ACTIVITY: Scan the records below for the line with "This works for" and the line with "That is how", and retype that range exactly, both ends included, pictures excepted.

RECORDS FOR THIS EXERCISE:
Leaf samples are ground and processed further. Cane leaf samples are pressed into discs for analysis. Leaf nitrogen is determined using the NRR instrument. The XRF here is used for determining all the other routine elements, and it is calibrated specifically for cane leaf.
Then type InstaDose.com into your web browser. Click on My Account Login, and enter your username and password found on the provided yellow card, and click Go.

--

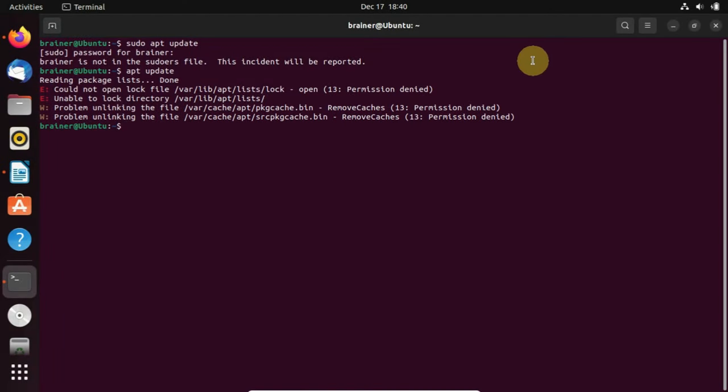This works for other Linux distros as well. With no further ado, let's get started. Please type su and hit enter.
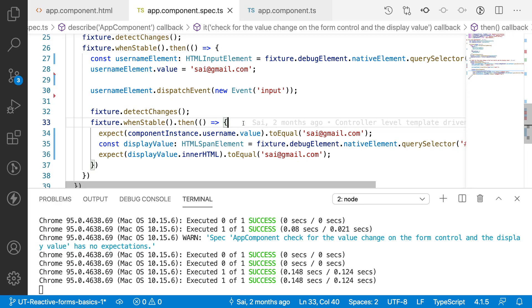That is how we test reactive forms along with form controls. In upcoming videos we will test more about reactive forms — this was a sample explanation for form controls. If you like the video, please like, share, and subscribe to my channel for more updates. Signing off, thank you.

ANSWER SECTION:
This works for other Linux distros as well. With no further ado, let's get started. Please type su and hit enter.
That is how we test reactive forms along with form controls. In upcoming videos we will test more about reactive forms — this was a sample explanation for form controls. If you like the video, please like, share, and subscribe to my channel for more updates. Signing off, thank you.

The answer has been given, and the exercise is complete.